=== Task objective ===
From the line with "Cardigan Incrociato Donna Cotone-Lino" through the line with "Carissa Manor Denim", repeat the entries verbatim, both end lines included, and add nothing.

=== Records supplied ===
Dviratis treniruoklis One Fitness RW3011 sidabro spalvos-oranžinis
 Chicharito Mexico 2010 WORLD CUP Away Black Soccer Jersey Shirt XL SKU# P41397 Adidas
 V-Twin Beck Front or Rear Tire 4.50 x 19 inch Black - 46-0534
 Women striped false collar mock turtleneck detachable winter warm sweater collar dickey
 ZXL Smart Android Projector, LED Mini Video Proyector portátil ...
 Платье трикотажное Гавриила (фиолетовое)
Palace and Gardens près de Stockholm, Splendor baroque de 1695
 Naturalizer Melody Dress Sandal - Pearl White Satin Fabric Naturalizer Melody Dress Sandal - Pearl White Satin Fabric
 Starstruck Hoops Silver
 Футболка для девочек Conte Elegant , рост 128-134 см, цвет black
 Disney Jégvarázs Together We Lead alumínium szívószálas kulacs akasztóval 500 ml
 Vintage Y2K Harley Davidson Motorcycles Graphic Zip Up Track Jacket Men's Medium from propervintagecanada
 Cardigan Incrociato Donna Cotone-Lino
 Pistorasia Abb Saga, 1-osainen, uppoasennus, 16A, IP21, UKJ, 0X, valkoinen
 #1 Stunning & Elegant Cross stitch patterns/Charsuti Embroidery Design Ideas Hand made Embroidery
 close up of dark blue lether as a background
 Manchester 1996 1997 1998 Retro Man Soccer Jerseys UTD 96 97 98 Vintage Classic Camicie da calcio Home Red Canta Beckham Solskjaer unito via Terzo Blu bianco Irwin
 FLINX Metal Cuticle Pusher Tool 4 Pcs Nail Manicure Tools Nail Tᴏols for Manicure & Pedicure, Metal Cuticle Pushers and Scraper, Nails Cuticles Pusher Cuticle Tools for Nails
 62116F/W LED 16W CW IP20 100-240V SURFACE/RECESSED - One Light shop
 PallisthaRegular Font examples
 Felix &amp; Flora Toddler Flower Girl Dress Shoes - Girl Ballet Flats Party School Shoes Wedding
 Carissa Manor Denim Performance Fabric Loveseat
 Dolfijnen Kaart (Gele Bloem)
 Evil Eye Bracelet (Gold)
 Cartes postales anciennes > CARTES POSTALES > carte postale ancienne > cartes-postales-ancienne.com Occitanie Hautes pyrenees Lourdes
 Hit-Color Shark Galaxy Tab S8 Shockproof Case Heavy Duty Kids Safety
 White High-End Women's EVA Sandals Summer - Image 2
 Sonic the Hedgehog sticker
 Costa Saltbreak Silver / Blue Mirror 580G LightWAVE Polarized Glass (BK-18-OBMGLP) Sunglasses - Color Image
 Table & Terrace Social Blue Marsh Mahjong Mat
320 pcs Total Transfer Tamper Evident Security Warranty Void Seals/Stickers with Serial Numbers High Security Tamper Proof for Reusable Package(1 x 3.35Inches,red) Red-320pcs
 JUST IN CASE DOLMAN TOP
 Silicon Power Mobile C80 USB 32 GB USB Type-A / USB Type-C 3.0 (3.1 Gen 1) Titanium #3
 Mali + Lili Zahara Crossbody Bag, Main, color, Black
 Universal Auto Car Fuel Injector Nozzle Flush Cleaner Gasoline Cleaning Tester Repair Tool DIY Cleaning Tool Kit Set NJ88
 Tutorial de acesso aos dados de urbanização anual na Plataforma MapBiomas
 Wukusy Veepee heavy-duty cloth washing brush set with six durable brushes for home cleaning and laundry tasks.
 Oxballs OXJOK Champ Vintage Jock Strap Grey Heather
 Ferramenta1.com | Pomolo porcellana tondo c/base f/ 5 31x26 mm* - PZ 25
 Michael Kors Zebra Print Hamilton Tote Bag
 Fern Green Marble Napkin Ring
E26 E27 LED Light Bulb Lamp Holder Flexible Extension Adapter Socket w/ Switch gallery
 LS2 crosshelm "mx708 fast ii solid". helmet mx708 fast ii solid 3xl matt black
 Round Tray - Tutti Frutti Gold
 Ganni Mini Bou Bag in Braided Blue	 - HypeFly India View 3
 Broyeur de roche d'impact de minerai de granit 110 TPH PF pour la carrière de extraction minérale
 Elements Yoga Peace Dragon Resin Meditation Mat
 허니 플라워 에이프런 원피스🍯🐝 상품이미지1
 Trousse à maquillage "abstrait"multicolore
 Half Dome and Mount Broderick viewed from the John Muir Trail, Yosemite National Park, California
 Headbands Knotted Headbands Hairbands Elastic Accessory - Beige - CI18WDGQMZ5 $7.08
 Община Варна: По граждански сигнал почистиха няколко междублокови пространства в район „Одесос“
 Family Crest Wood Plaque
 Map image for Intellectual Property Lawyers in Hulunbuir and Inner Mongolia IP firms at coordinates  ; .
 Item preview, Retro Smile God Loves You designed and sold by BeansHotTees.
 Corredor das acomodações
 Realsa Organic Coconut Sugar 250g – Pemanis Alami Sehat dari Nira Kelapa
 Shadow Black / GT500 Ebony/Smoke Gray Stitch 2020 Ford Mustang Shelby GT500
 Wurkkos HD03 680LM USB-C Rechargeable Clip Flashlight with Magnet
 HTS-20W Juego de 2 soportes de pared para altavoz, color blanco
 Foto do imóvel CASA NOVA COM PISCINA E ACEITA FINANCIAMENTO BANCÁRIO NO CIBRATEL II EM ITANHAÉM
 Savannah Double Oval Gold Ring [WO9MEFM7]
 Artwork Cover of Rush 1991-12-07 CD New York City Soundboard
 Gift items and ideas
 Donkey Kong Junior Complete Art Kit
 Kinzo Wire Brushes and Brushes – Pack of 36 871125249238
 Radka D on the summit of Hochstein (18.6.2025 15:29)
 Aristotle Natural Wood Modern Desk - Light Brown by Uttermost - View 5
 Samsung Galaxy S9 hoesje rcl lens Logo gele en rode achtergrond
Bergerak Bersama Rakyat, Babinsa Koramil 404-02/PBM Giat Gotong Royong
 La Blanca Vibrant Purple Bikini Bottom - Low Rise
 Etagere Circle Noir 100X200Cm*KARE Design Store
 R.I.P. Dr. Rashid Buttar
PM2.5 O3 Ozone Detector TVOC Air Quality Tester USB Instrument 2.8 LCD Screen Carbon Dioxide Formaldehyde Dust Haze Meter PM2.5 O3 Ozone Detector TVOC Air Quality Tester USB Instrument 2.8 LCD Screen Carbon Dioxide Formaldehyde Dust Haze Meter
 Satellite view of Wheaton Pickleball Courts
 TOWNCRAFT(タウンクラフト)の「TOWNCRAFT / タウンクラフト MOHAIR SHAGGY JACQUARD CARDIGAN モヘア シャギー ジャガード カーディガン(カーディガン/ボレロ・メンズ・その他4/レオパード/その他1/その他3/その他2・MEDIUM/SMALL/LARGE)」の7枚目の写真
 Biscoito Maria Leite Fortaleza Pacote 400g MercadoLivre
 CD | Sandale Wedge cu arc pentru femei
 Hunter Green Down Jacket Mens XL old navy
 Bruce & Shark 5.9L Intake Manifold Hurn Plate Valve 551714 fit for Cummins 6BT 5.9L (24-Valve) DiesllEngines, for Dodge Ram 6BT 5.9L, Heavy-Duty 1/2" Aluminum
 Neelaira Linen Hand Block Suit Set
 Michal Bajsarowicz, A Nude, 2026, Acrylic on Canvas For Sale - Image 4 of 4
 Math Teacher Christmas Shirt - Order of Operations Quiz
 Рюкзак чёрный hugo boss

=== Problem solution ===
 Cardigan Incrociato Donna Cotone-Lino
 Pistorasia Abb Saga, 1-osainen, uppoasennus, 16A, IP21, UKJ, 0X, valkoinen
 #1 Stunning & Elegant Cross stitch patterns/Charsuti Embroidery Design Ideas Hand made Embroidery
 close up of dark blue lether as a background
 Manchester 1996 1997 1998 Retro Man Soccer Jerseys UTD 96 97 98 Vintage Classic Camicie da calcio Home Red Canta Beckham Solskjaer unito via Terzo Blu bianco Irwin
 FLINX Metal Cuticle Pusher Tool 4 Pcs Nail Manicure Tools Nail Tᴏols for Manicure & Pedicure, Metal Cuticle Pushers and Scraper, Nails Cuticles Pusher Cuticle Tools for Nails
 62116F/W LED 16W CW IP20 100-240V SURFACE/RECESSED - One Light shop
 PallisthaRegular Font examples
 Felix &amp; Flora Toddler Flower Girl Dress Shoes - Girl Ballet Flats Party School Shoes Wedding
 Carissa Manor Denim Performance Fabric Loveseat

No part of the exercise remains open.